The Phoenix Seminary got into the latest papyrus a few days ago. Without getting into details, this claim stuck out: This is the first known occurrence of the weaving together of material similar to Luke and Matthew, on the one hand, and material similar to — and otherwise known only from — the Gospel of Thomas, on the other.
I was like - wait, what, don't we have Thomas-leaning stuff from gospel-harmonies; and what about "2 Clement". The former is Problematic in academe so let's leave that aside. "2 Clement" although relaying Thomas lore ("Gospel of the Egyptians" lore, to Clement Alexandrine) doesn't quite "weave" that lore into other sayings.
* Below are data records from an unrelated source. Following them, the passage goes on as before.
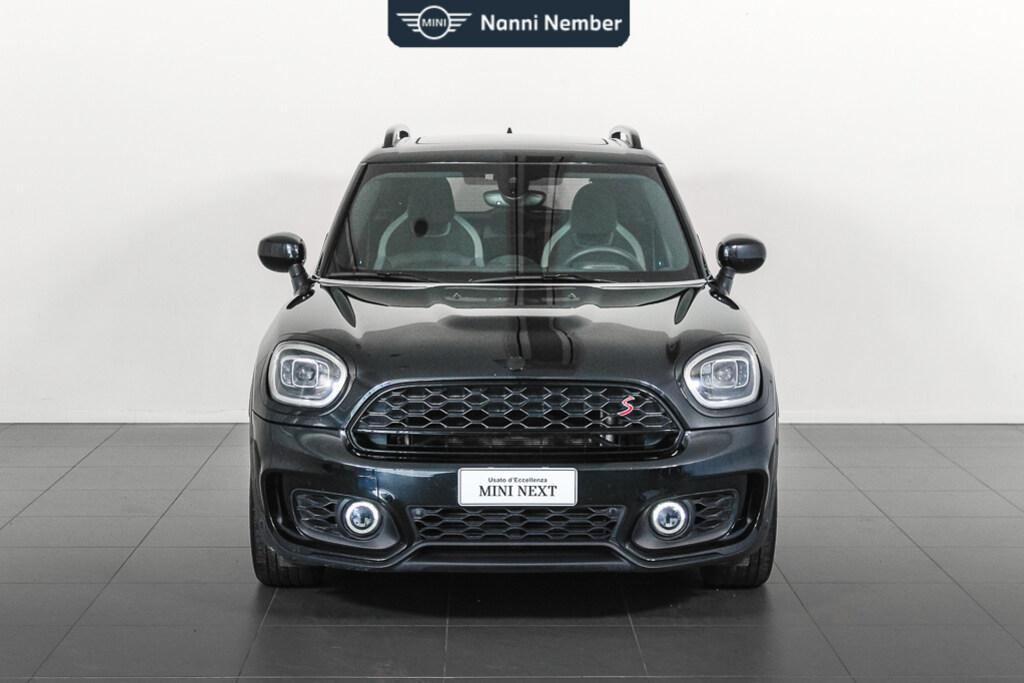 Mini Cooper SD Countryman 2.0 Cooper SD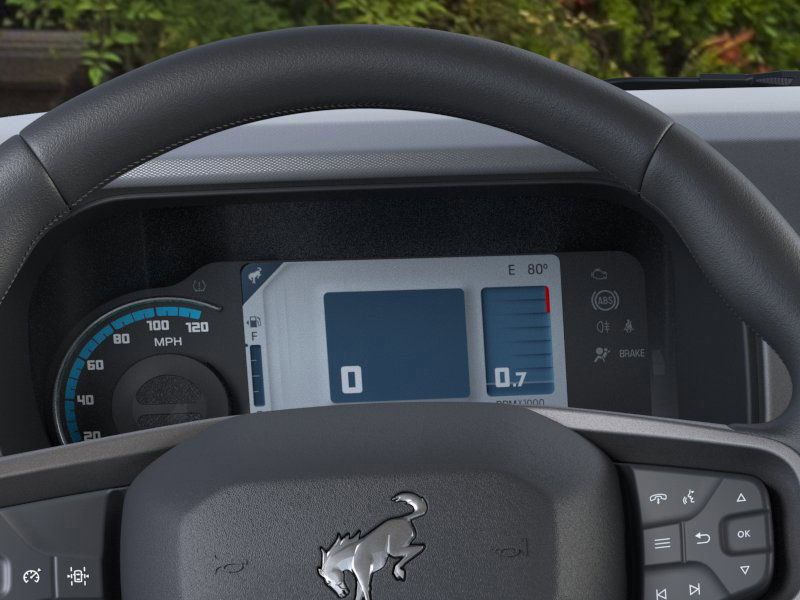 2025 Ford Bronco Big Bend photo 12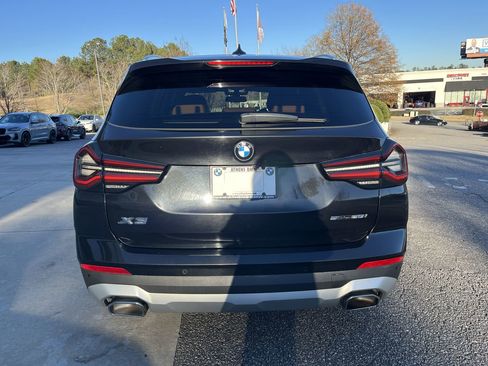 Certified 2023 BMW X3 sDrive30i w/ Premium Package image 12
What POxy-5575 shows, be the possibility that 2 Clement's source might have woven it.
As with Justin's source. Albeit, Justin went without Thomas, and, being a haeresiologist, may have avoided this "gospel" deliberately.
Let's return to the second-most-famous departure of 2 Clement from Synoptic orthodoxy, here chapter 5's parallel between Matthew 10:16 then 28. This homily had cited 10:32 before that, in chapter 3.
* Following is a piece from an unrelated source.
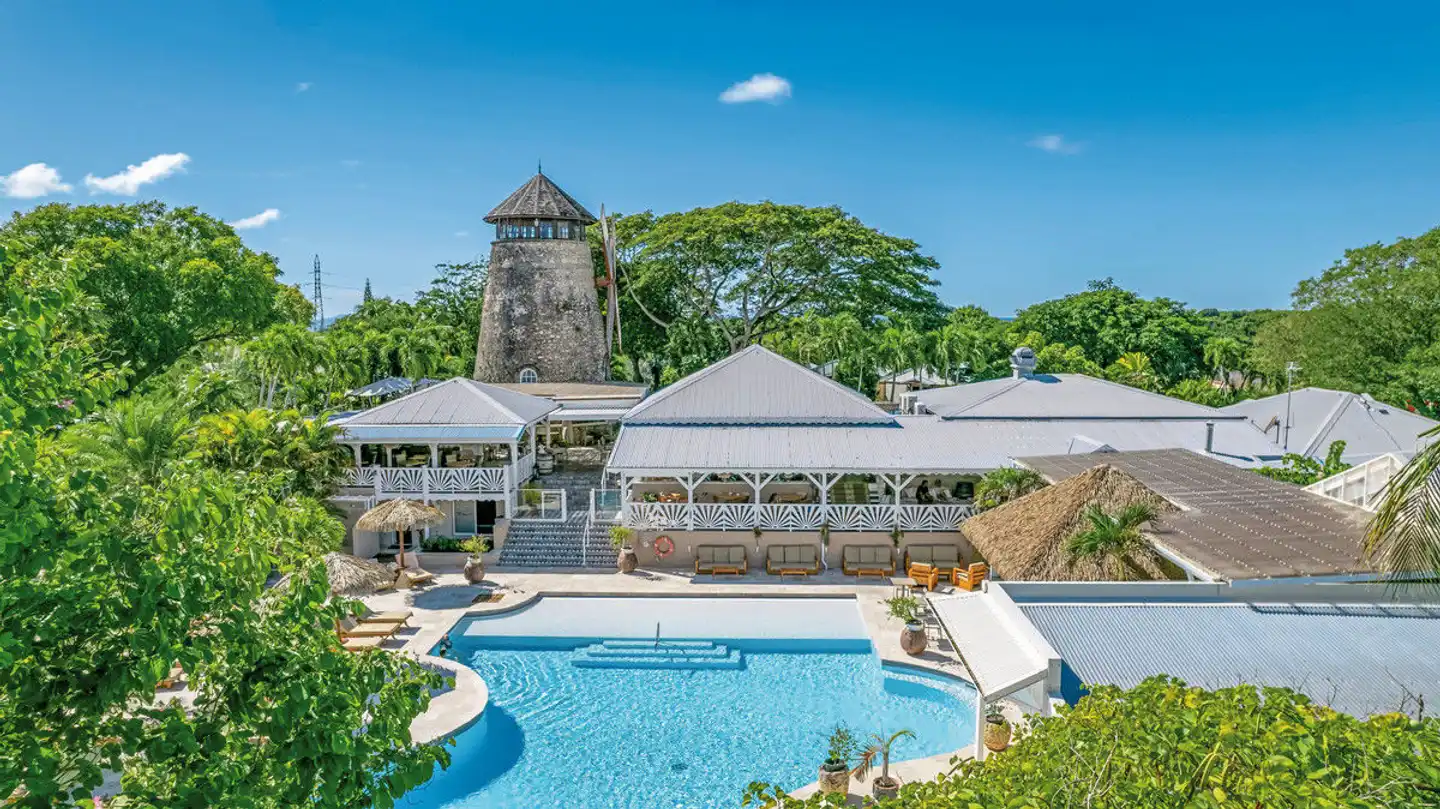 Le Relais du Moulin Pool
The Matthean evangelist is recalling a long speech, not to the people around the new Sinai this time, but to the future Apostles. Matthew 10 likewise as 6 reads like a collection of earlier material. Luke will be relating much the same material but in different orders and contexts; hence the "Q" hypothesis, presumed common to both.
2 Clement 5 boldly asserts a narrative here. As in Matthew, 2 Clement has Jesus compare His entourage - presumably without His protection thus (also) Apostles - to sheep among wolves. This time Peter challenges Him. It is in that respect that Jesus points out that once the sheep are dead, they are done with earthly suffering; thus, for the sons of the "Father" (he is not "heavenly" in 2 Clement) the afterlife, wherever that be, is of more concern. In 2 Clement this flows naturally. More so than in Matthew, anyway.
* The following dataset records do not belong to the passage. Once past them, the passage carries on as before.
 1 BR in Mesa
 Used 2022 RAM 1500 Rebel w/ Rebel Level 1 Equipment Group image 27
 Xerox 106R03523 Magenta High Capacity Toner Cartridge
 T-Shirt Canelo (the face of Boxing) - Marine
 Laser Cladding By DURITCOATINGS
I find no overlap between 2 Clement and POxy-5575. POxy-5575 only has Jesus' homily, with no dialogue nor narrative content. In particular: POxy-5575 / Matthew 6 commands μὴ μεριμνᾶτε where 2 Clement / Matthew 10 alludes μὴ φοβεῖσθε.
2 Clement elsewhere cites a saying as "the Gospel" as parallels Luke 16:10-12. Luke here owns no canonical synopsis; but follows this with the two-masters comment, which is Matthew 6:24. Koester assumed 2 Clement was using a Matthew / Luke harmony.
But 2 Clement's Peter dialogue looks more like the homilist is using something else entirely. If not POxy-5575, and not Egerton - then what?